January 18, 2007


The shifting power equation of globalization (Jonathan Schmidt and Howard Davies, January 17, 2007, YaleGlobal)

A few short years ago an antiglobalization coalition severely disrupted a World Trade Organization summit meeting in Seattle and began a wave of demonstrations against the institutions seen as being "responsible" for globalization. At the time, most of the protests centered around the perceived inequities between North- South economies. Western corporations were thought to be gaining a disproportionate share of benefits of globalization. That kind of disruption seems less likely in 2007. And full frontal attacks on globalization seem distant memories.

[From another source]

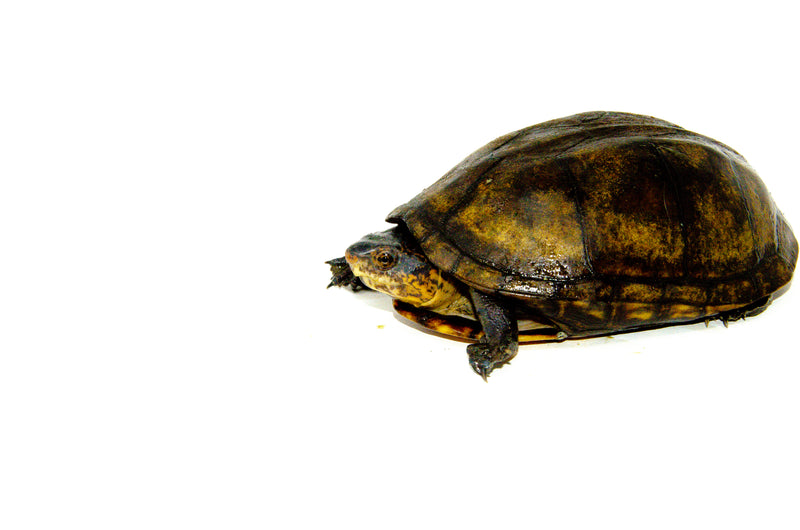 Red Cheeked Mud Turtle Adult  (Kinosternon scorpioides cruentatum)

But this relative calm on the streets does not mean that all the arguments have ended -- they have just changed character. While most people may accept that the trend towards greater interconnectedness between the world's major economies is unlikely to be reversed, there is increasing focus on the resulting winners and losers. In the long run, the economic theory of comparative advantage tells us that globalization should result in a net increase in human welfare; however, it is not likely that all boats will rise at the same time or to the same extent on this incoming tide, and some may be shipwrecked. Indeed, "The Shifting Power Equation" will be the overarching theme of the Annual Meeting of the World Economic Forum in Davos next week. There participants will try to make sense of the various ways that power is being transferred and redistributed in our ever more connected global polity.

One dimension of this debate is geographical. Over the coming decades there could well be a massive transfer of wealth from the industrialized Western economies to the fast-growing countries of South and East Asia in particular. This argument is most loudly advanced in what Donald Rumsfeld used to call "Old Europe."

That is surprising, in a sense, since recent figures show that in fact the European Union has maintained its share of world trade over the last decade.

As all of the jobs of an elderly Europe are taken by immigrants who are sending money home there'll be a tremendous shift.